Wednesday, December 16, 2015

A Few Words about Ted Cruz



At the Republican debate last night, Senator Ted Cruz said, “[P]olitical correctness is killing people.”



I’m sure that what the senator actually meant to say was, “Bashing political correctness is a useful device for assholes like me to appeal to the bigots in the electorate.”



OK, maybe not. Maybe he really meant what he said, even though what he said was bull hockey, if you know what I mean. 

In case you don’t know what I mean, what I mean is bullshit.



If Senator Cruz is really hostile to political correctness, he is hostile to a general sensibility that says it is a bad idea, even unethical, to disparage people using racist epithets and to otherwise promote negative stereotypes. If you think people shouldn’t be treated with racist or ethnocentric contempt, you too believe in political correctness.



Naturally, some people take the idea of universal respect for people too far and use political correctness as a way to strike a moralistic pose or to pat themselves on the back. Shame on them. But shame, even more, on people like Ted Cruz, who obviously practice political correctness themselves while striking a moralistic pose suggesting they are dead set against it.

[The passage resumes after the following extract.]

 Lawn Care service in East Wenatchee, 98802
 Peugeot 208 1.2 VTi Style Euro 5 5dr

Of all the people in both parties now running for president (all 1,674 of them), Cruz is the worst. He is undoubtedly an intelligent man, which makes him that much more odious. He, more than any of his rivals, reminds me of Richard Nixon. People who listened to Nixon’s White House tapes have reported with disgust that every staff meeting seemed to be focused on how to advance his, Nixon’s, political interests. Never was the issue of what’s good for the nation brought up. I imagine that if we could hear Ted Cruz’s thoughts, we would be similarly struck by their repugnantly selfish and utterly unethical qualities. The man just seems to breathe a raging, narcissistic ambition.

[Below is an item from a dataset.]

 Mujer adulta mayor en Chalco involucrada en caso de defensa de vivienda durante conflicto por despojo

He has been called out for his declaration that if he were president he would “carpet bomb” ISIS. This is a lie. Nobody in the American military believes that carpet bombing is an appropriate or effective tactic. Cruz probably knows this, but in his inimitably sleazy way, he broadcasts his commitment to carpet bombing as a way to sound tough. “President Obama is such a wimp that he refuses to carpet bomb ISIS and kill hundreds of thousands of civilians, but I will!”



When Cruz was called on his carpet bombing claim during the debate, he tried to double-talk his way out with this gem: “[I] would carpet bomb where ISIS is, not a city, but the location of the troops.”

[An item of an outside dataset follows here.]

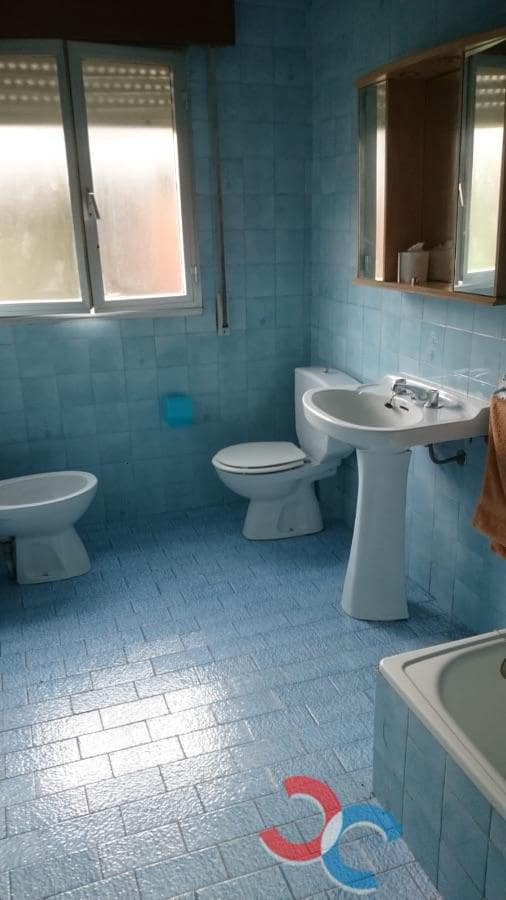 4 bedroom Townhouse for sale in A Estrada - € 110,000 (Ref: 5289770)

News flash, Senator Cruz, the ISIS fighters are in the cities.



Imagine for a moment that Ted Cruz were a decent, honest man.



I know, I know, but just try.



With his intelligence and his superior debating skills, he could bring a lot to a presidential campaign. But instead, he insults us with a well rehearsed, thoroughly dishonest series of sound bites, many of which he himself does not believe, but which he has calculated might attract naïve voters to his cause. Gross.



But, you ask, doesn’t every politician do this? Well, except maybe for Bernie Sanders, I think they all do it to some extent. But Cruz is special because that is all he does. So now I find myself watching with fascinated horror to see just how high the Republican electorate is willing to lift this duplicitous poser. May the Force protect us.